AIR FRANCE-KLM group, the world's largest airline by sales, agreed to buy Alitalia SpA in a bid valued at €747 million ($1.2 billion) as part of the Italian government's plan to save the unprofitable carrier from bankruptcy.
Air France-KLM will swap one of its shares for every 160 of Alitalia's, valuing the Italian airline at €139 millions, or 10 cents a share, Air France said. That's 81 per cent less than the closing price on March 14th.
Air France offered €608 million for the carrier's convertible bonds. Alitalia's board accepted the bid after a 12-hour meeting in Rome at the weekend. In buying Alitalia, Air France-KLM wins access to one of Europe's biggest passenger markets, while inheriting an airline that has not earned an operating profit in almost a decade and loses more than €1 million a day.
The agreement may face opposition from unions concerned about layoffs and needs the government's backing, which will change next month.

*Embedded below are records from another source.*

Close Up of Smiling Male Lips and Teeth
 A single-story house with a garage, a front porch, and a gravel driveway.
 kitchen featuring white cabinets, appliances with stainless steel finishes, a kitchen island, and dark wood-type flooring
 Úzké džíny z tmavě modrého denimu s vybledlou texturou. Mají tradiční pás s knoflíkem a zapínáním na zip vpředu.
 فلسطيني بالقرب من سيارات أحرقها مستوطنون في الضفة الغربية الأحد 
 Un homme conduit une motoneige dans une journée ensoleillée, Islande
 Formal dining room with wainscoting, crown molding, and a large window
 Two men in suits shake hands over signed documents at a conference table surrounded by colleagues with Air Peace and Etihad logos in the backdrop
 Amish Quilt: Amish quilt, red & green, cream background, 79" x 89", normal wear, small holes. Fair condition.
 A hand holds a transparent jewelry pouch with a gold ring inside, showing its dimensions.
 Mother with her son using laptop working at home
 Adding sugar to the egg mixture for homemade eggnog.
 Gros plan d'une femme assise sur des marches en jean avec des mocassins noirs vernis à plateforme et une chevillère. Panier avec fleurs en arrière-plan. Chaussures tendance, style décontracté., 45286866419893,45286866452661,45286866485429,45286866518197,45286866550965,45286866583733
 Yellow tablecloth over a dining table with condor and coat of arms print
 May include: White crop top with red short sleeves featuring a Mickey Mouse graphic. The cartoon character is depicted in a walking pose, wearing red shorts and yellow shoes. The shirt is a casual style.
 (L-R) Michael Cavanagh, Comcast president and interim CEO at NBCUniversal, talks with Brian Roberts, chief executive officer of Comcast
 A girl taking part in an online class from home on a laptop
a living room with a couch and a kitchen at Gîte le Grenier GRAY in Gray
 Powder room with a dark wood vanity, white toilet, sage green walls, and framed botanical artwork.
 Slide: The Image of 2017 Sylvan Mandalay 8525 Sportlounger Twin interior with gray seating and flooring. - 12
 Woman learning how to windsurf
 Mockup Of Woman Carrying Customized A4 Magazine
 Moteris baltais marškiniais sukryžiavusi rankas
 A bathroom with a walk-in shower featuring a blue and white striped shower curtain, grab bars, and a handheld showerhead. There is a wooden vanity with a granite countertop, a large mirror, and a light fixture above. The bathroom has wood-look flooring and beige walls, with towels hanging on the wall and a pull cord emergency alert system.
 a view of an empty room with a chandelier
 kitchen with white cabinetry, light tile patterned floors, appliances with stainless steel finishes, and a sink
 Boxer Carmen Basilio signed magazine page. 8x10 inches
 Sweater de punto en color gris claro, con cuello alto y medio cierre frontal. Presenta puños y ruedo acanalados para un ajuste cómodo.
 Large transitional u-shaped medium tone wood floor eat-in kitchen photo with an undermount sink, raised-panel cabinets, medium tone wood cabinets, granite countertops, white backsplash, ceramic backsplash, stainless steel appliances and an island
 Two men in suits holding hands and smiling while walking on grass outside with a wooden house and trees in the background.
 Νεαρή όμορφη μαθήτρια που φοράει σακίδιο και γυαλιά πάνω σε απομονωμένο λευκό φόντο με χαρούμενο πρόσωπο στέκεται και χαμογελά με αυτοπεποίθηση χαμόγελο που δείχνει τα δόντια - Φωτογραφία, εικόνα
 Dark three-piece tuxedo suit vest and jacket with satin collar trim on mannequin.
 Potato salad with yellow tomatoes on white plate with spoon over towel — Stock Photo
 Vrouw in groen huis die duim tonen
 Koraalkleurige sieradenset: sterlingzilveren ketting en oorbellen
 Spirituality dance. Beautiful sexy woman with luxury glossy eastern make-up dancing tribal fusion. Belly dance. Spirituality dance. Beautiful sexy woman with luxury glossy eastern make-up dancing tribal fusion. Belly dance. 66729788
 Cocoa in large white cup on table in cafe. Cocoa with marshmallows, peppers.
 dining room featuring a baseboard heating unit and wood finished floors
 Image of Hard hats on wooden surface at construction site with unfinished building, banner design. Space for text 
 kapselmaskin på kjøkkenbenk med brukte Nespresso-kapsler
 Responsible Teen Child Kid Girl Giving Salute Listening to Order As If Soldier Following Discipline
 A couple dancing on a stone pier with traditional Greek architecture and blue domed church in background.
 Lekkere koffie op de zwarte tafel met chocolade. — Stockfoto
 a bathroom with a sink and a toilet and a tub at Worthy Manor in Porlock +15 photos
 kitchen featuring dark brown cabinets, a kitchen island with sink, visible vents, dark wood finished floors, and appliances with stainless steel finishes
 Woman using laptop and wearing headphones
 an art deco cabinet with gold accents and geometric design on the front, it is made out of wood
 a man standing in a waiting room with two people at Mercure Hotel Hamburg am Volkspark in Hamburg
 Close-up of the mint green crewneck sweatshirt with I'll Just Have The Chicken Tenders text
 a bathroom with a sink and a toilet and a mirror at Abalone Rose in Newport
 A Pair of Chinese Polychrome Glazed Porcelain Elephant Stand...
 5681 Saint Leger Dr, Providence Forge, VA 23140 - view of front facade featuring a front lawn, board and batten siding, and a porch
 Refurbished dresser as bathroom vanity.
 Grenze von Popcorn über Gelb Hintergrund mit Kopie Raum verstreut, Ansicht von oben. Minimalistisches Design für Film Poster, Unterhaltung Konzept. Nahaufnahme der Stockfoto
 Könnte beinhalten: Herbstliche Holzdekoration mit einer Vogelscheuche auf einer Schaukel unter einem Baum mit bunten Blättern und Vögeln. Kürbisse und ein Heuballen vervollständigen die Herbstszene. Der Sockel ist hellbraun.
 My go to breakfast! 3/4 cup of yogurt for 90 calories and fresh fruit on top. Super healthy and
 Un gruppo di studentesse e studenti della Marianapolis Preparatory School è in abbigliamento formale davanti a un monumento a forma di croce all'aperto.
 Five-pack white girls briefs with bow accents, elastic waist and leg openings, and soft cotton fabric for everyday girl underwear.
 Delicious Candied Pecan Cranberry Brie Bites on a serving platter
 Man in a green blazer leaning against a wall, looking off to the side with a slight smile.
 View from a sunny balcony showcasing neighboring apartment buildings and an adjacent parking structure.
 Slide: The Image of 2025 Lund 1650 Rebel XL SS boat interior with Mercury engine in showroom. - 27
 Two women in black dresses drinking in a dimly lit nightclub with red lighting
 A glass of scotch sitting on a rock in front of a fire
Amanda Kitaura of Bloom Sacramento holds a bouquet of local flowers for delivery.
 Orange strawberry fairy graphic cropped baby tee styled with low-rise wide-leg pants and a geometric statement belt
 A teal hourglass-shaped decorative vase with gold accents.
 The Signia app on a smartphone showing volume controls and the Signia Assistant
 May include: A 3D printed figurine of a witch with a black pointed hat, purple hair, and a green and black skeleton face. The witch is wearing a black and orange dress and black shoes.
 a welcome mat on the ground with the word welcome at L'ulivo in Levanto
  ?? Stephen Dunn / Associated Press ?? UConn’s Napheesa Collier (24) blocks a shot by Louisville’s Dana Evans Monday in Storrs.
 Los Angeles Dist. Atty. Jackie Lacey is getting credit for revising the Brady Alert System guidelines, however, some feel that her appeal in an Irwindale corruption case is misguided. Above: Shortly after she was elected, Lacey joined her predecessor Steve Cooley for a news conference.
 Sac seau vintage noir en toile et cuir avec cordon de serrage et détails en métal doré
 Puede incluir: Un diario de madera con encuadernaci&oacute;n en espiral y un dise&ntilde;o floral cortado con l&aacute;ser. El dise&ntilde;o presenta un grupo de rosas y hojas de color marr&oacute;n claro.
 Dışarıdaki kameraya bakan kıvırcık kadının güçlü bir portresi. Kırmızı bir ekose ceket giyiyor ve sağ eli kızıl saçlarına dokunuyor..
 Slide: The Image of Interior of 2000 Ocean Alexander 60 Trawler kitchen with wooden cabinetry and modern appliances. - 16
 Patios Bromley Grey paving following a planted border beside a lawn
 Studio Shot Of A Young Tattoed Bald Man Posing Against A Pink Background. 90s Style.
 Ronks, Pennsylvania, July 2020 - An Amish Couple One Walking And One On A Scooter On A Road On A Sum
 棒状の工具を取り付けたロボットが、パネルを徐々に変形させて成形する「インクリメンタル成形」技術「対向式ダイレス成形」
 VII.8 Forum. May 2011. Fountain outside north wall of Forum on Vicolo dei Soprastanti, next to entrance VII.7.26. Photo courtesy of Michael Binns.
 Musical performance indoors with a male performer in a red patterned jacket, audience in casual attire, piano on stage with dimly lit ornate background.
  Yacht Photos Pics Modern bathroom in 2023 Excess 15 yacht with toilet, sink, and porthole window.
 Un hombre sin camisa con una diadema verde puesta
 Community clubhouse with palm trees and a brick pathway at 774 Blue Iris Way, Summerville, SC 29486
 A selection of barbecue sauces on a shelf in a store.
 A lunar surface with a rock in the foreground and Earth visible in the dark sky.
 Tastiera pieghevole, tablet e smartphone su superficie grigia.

"In the short term the purchase may hurt profitability, but Alitalia will bring significant leverage with the opening of new hubs in Italy," said Alexandre Hezez of Paris-based Roche-Brune SAS, who helps manage €110 million.
Air France plans to sell €1 billion of new Alitalia shares to fund "the commercial relaunch" of the airline. The three-year business plan agreed to by Air France will scale back unprofitable routes, cut 1,600 workers, or almost 15 per cent of the Rome-based carrier's staff, and trim the size of its fleet in a bid to restore operating profit by 2009.